The dirty little secret about women’s self defense is that women will more often need to defend themselves from people they’ve met – skeevy neighbors, violent exes, nasty stalkers who happen to be formerly sane roommates – than they will from people they’ve never seen before. Somehow, some people with an agenda have often twisted this statistic to imply that an otherwise-justifiable use of force cannot possibly be justified against someone you know… and that’s flat-out not true.
Self-defense against “someone you know” is still self-defense. And a use of force in response to an attack by someone you know is every bit as justifiable (or not, depending on the specific circumstances) as any other act of self-defense.
When you hear someoe try to talk women out of firearms ownership because the gun a woman purchases might be “more likely to be used against someone you know”, remember that [number] many women are killed every year by someone they know.

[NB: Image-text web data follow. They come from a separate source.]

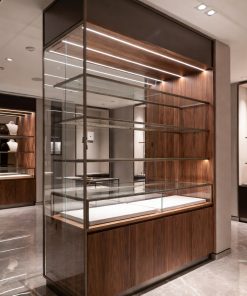 Tủ kính trưng bày 10 Tủ kính trưng bày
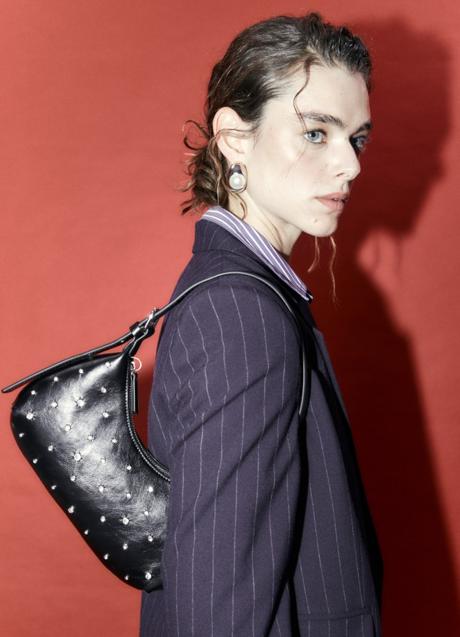 Imagen - Bolso con brillos de Sfera (25,99 euros)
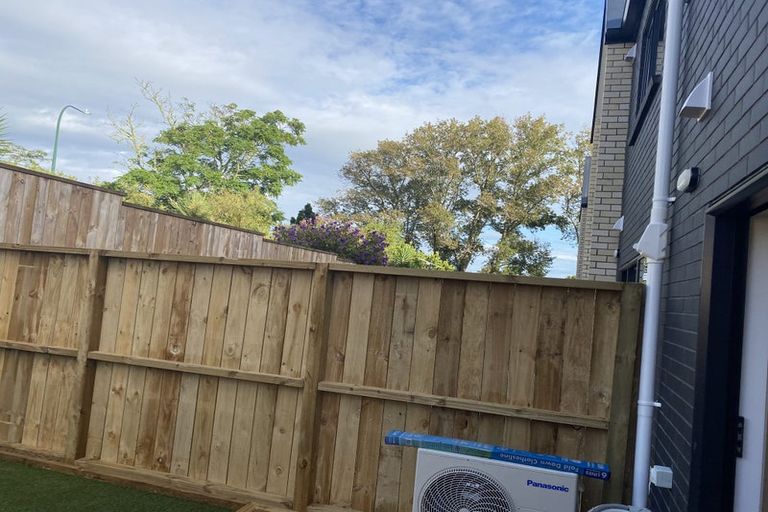 Photo of property in 37/125b Metcalfe Road, Auckland, 0612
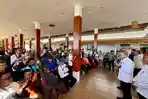 NELAYAN-Menteri-Zulkifli-Hasan-saat-menemui-para-nelayan-di-KNMP-Lateng.jpg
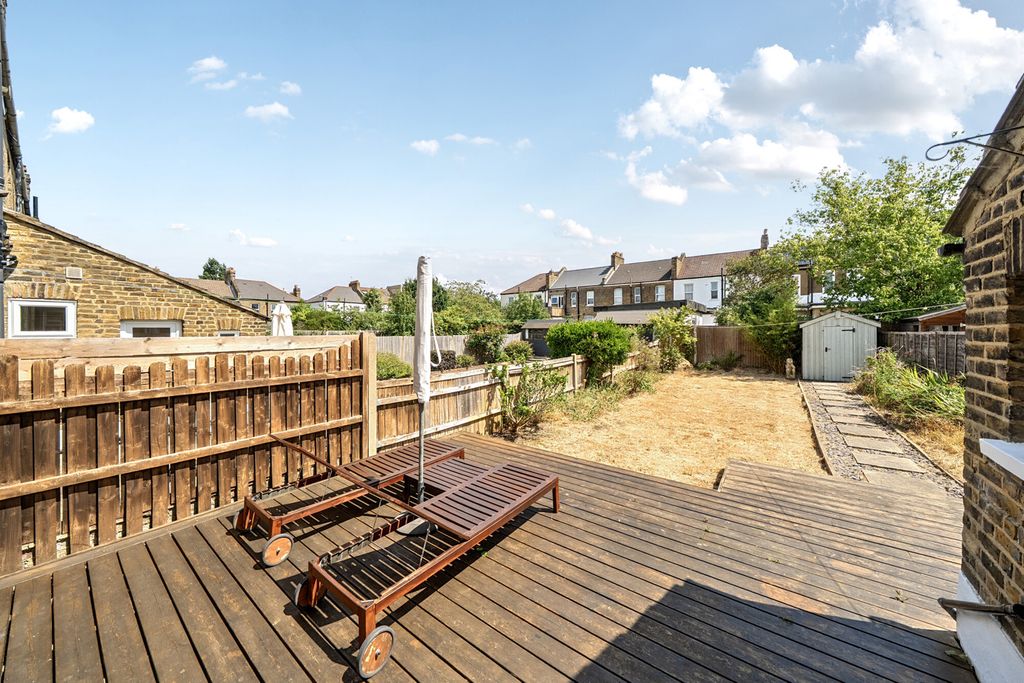 Property photo 3 of 39 1494763-13-6A5775...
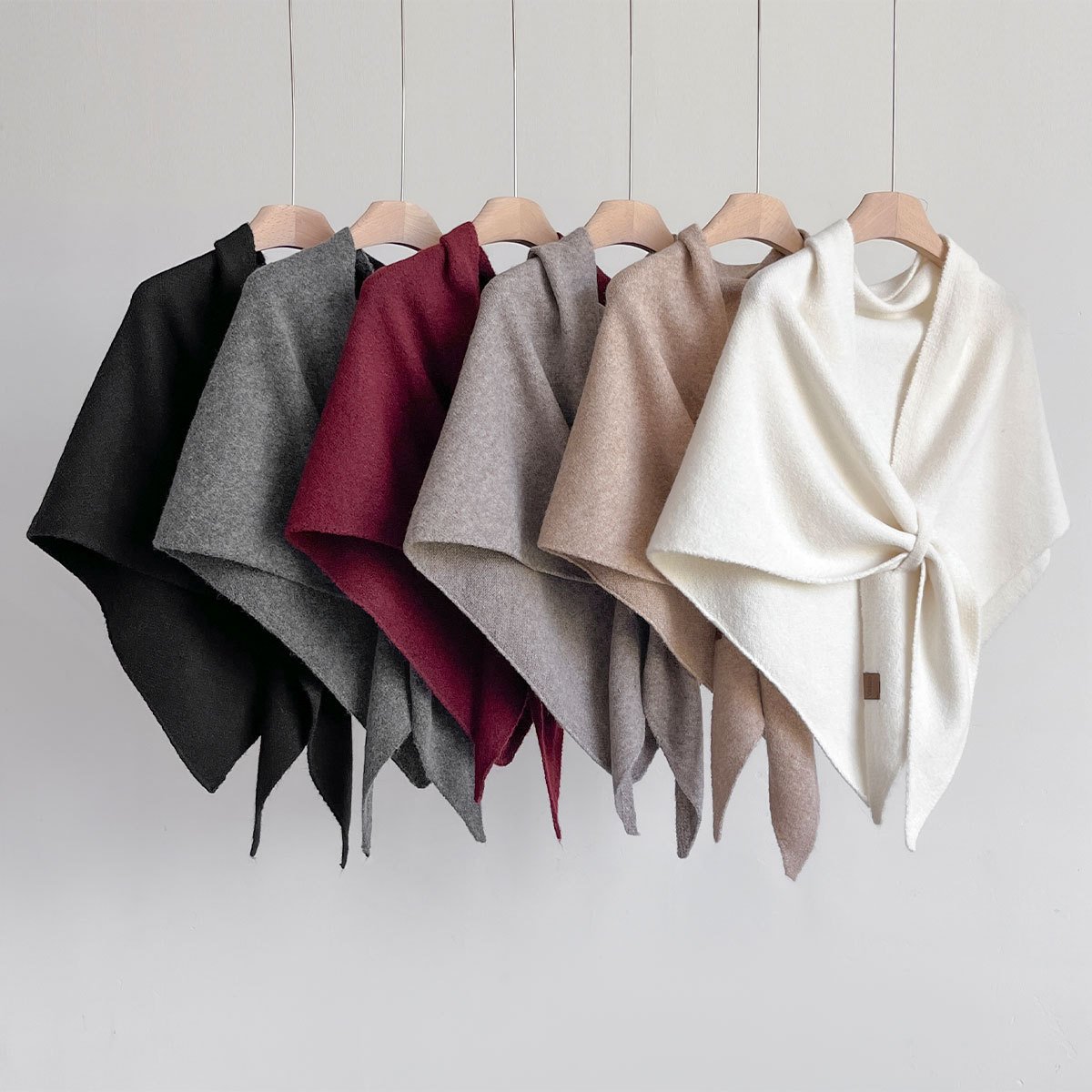 Einfarbiger Strickschal aus Acryl, Polyester und Wolle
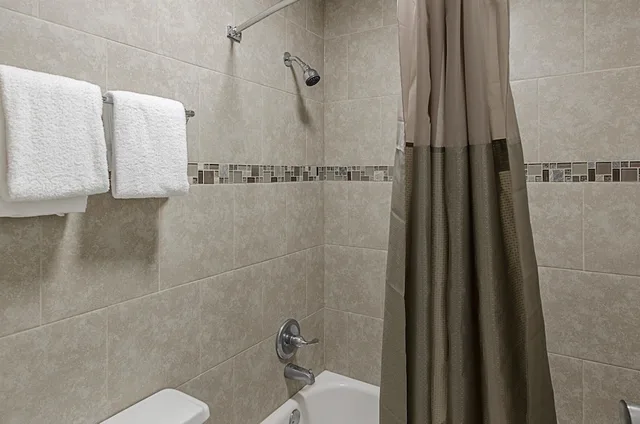 غرفة قياسية بسرير كينج لذوي الإعاقة، Motel6 Staunton, VA 3/3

Self-defense isn’t just about protecting yourself from random strangers who jump out of the bushes to grab you off the sidewalk in the middle of the night. It’s about protecting your life from a violent attacker, no matter who that attacker might be or where that attack might happen. Someone you know can kill you just as stone cold dead as someone you don’t.
That’s the harsh reality we need to face whenever we talk or think about self defense.
If you’ve decided to carry a gun to deal with a known threat, my heart goes out to you. It’s not fair, but here’s the truth: In addition to your heightened risk of attack, you’re also in a much tougher emotional spot than the woman who arms herself just in case random crime strikes her on the street or just in case she runs into unexpected trouble. Although every woman who carries a gun must work through her own moral, ethical, and religious priorities, you have the added burden of thinking specifically about what it would mean to use lethal force against someone you once loved, or someone you used to be friends with, or someone who might even be the father of your own child. Maybe even someone you still love. That’s not an easy thing to think about. Yet think about it you must.
As tough as it is, this means that you must count the cost of defending yourself much more thoroughly and much more painfully than other people might do. And you have to do it right away. You can’t put it off or pretend it isn’t a factor for you. It is a factor, and you know that. And that’s heartbreaking.
This also means that if you know you have a known threat in your life right now, you may have to spend some time sitting alone and examining your own heart, some time talking with a counselor or trusted friend, some time praying or meditating with a clergy member. It means you may need to seek out resources from others. And ultimately it means that you must figure out for yourself what lines you are (and are not) willing to cross in order to protect yourself and the people you love. Again, not an easy job — but certainly a necessary one, as you prepare to defend yourself from a known danger.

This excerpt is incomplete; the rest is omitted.